I wouldn’t recommend any additional courses other that what Microsoft and GCP Offers.
- Google Cloud Computing Foundations: Cloud Computing Fundamentals
- Google Cloud Computing Foundations: Infrastructure in Google Cloud
- Google Cloud Computing Foundations: Networking and Security in Google Cloud
- Google Cloud Computing Foundations: Data, ML, and AI in Google Cloud
Step 4: Time Required 1 day
By the time you move to step 4, you have a baseline, some basic hands-on on the GCP or Azure portal. You are now familiar with some terminologies like google storage bucket, Azure Blob Storage. In this step we will laser focus on ETL/ELT Tools.
To be more specific you need to identify 4 tools and get yourself well acquainted with those tools. This will be your everything for your path to Cloud Data Engineering.
- Batch Processing
- Event Processing (Streaming)
- Data Engineering Platform
Fair warning – dont get carried away with terms like Kubernetes, containers, Virtual Networks, Dev-ops etc. They have nothing to do with data engineering.

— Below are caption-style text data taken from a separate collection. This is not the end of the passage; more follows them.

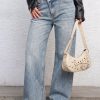 1097 Women's 12 oz Y2K Criss‑cross Crossover Waistband Acid Snow Wash Wide Leg Jeans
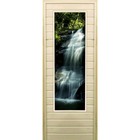Дверь для бани со стеклом (43*129), "Водопад-2", 170×70см, коробка из осины - фото 294917186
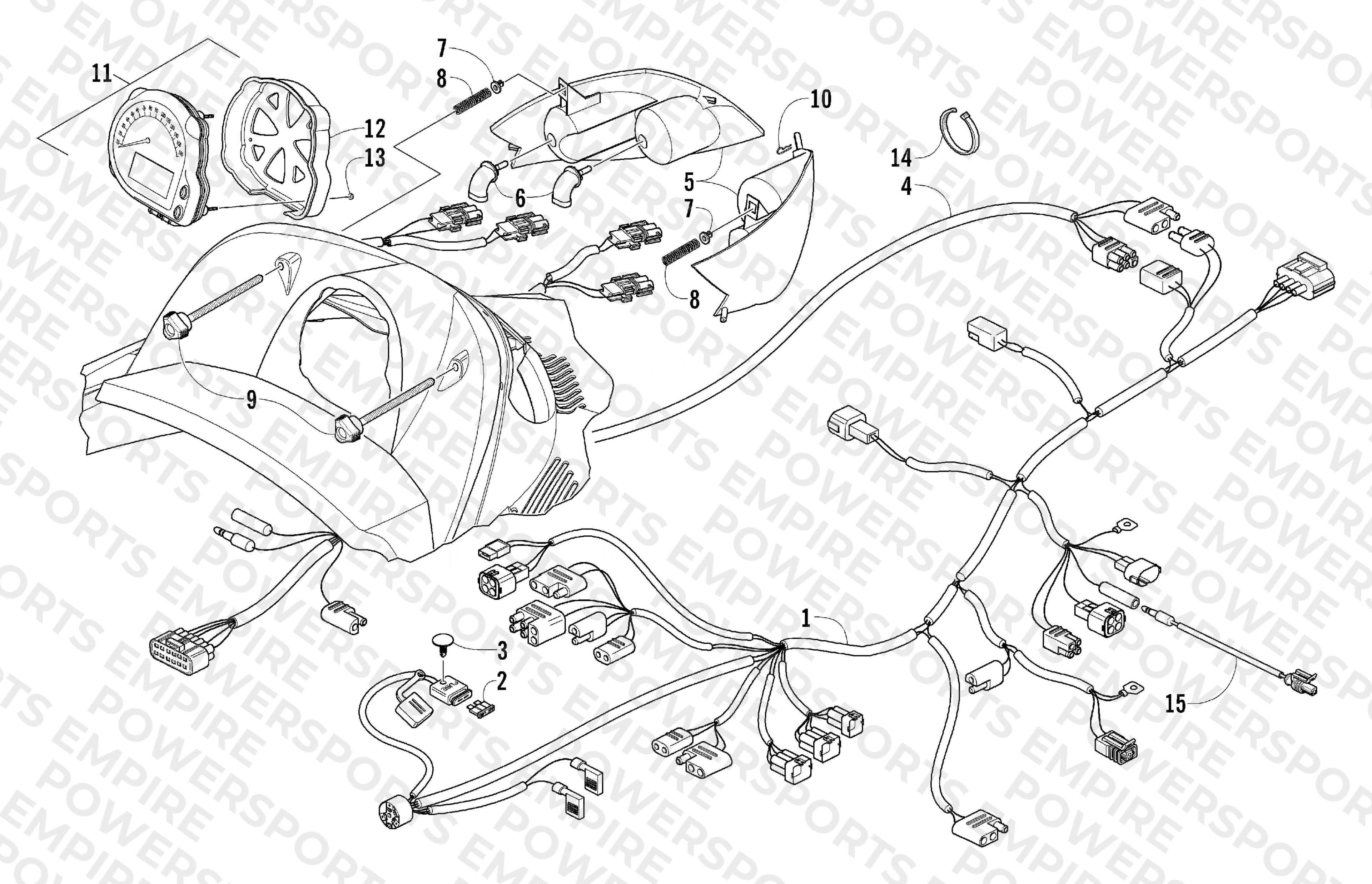HEADLIGHT, INSTRUMENTS, AND WIRING ASSEMBLIES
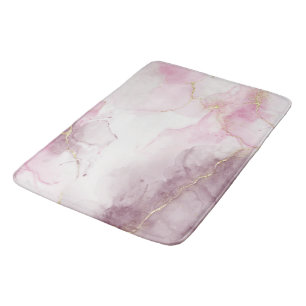 Elegant Pink Marble Gold Vein Pattern  Bath Mat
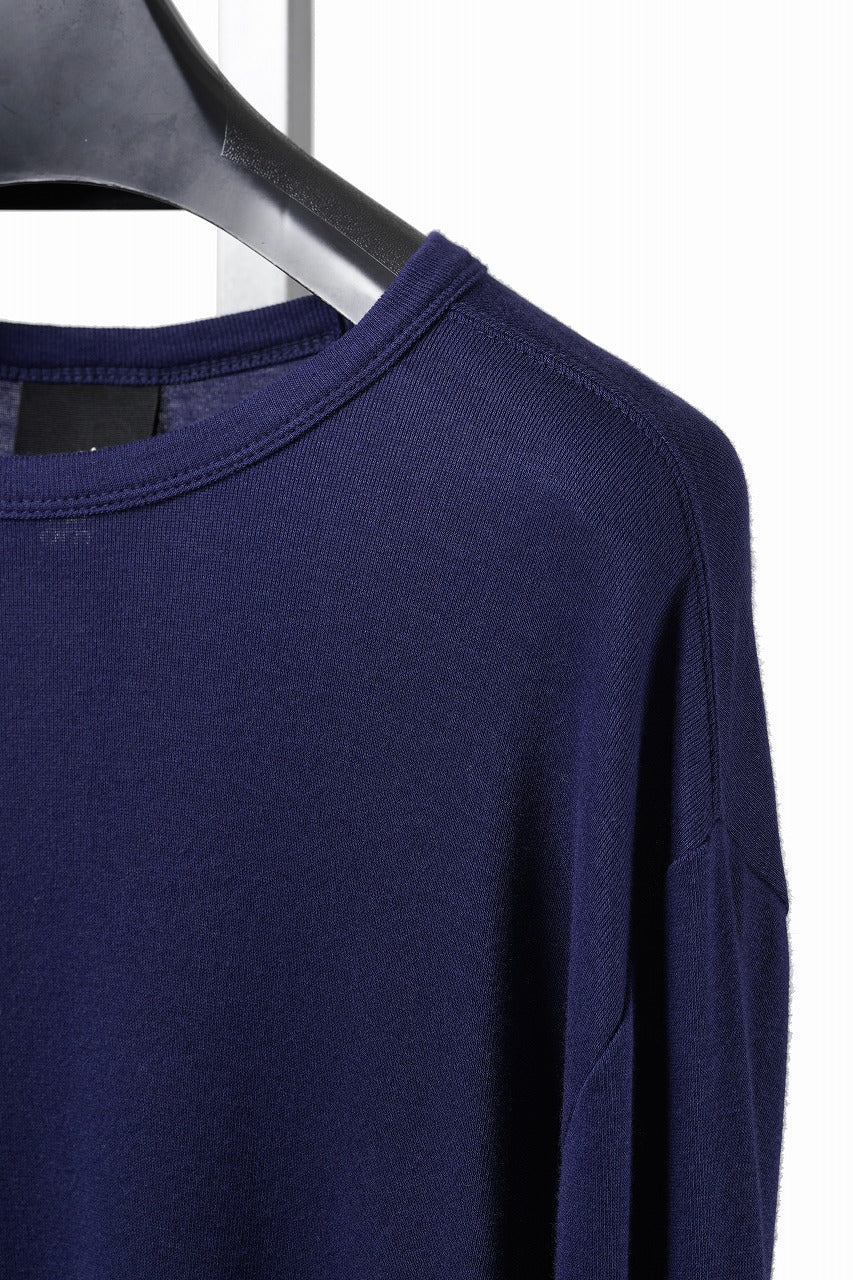 画像をギャラリービューアに読み込む, thom/krom OUTSIDE SEAMS LONG SLEEVE T-SHIRT / LIGHT &amp; SOFT RIB COTTON (ECLIPSE BLUE)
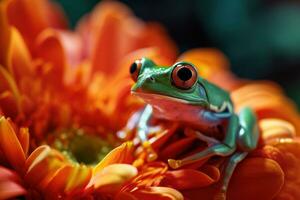 ai gerado uma fofa verde rã sentado em flor, animal fotografia foto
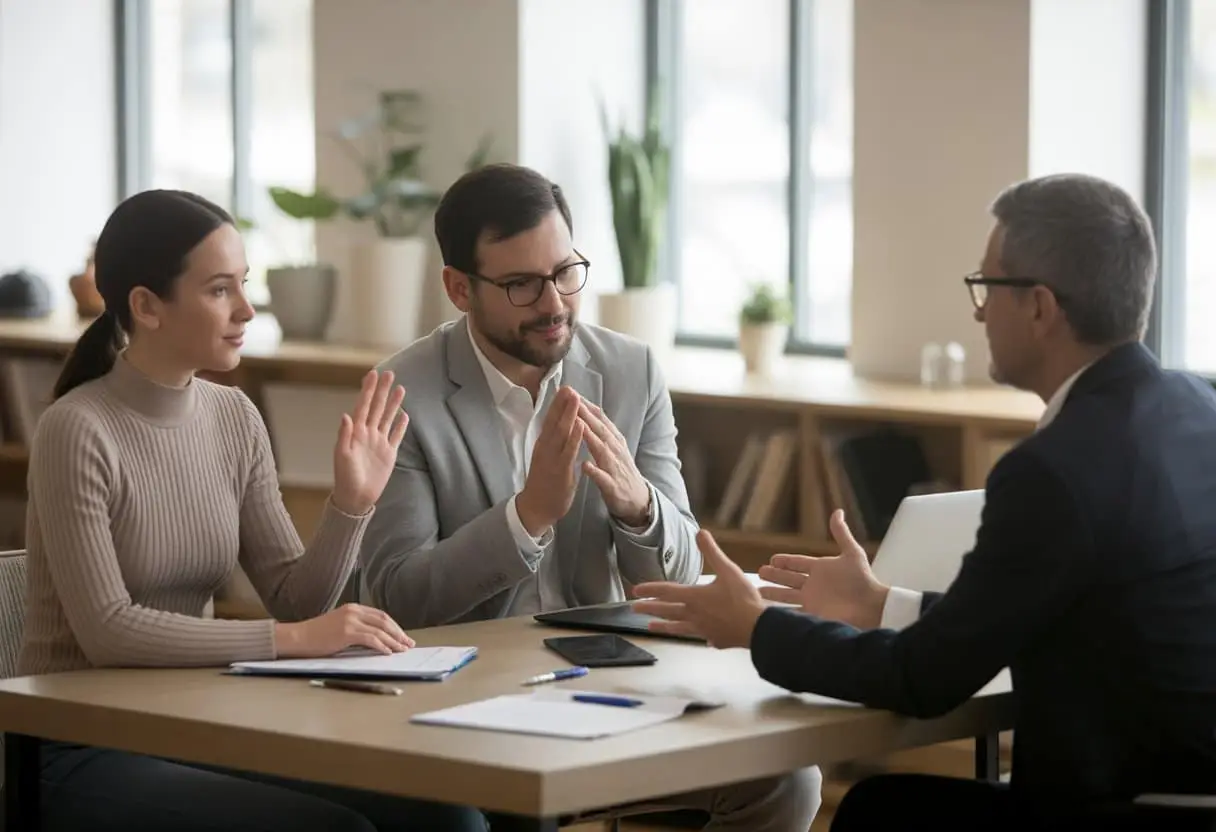 Drie volwassenen zitten aan een tafel in een kantoor en voeren een rustig gesprek over mediation en scheiding.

While those are buzz words, don’t fall for it. They come under cloud infrastructure engineering.
Here is some guidance though
Azure Data Engineering Stack
- Batch/Streaming ELT/ETL – Azure Data Factory
- Streaming Broker – Event Hub
- Orchestration – ADF for general Pipelines, Synapse for Analytics
- Data Engineering Platform- Azure Synapse Analytics, Azure Databricks, HD Insights.
- Storage – Azure Data Lake Storage, Azure SQL Server
GCP Data Engineering Stack
- Batch ELT Data FLow (Managed Apache Beam)
- Streaming ELT – Google Pub/Sub + Data Flow
- Orchestration – Cloud Composer (Managed Apache Airflow)
- Data Engineering – Data Flow, Data Prep, Data Proc, Data Fusion, Databricks (just stick with a couple)
Step 5: More Learning 8 – 10 weeks.
It’s time to get your hands dirty. You now know cloud basics, have decided the tools and have a feel of what Cloud Data Engineering looks like. Learn and play with these tools till you are comfortable. To be more specific, think of a data engineering project, and implement it end to end. Be creative with your ideas, one example is, get all the flight and airport data from online datasets and loading into your bigdata platform. Here is the source data for Flights and Airports from Kaggle.
Its time to refer to the free-tier in step one. You can create certain resources for free. If you carefully choose and plan what you are doing you will hardly get billed. I get a bill of about $10-20 some training weeks might end up with $90.
You might wonder what the best way is to learn, should I take any course in coursera, or pluralsights? I can tell you this much, it depends. I find it extremely hard to learn from videos, I prefer to read from the original cloud provider documents. But that’s me, I read books and am used to it. Microsoft Learn and Google Qwiklabs are valuable resources.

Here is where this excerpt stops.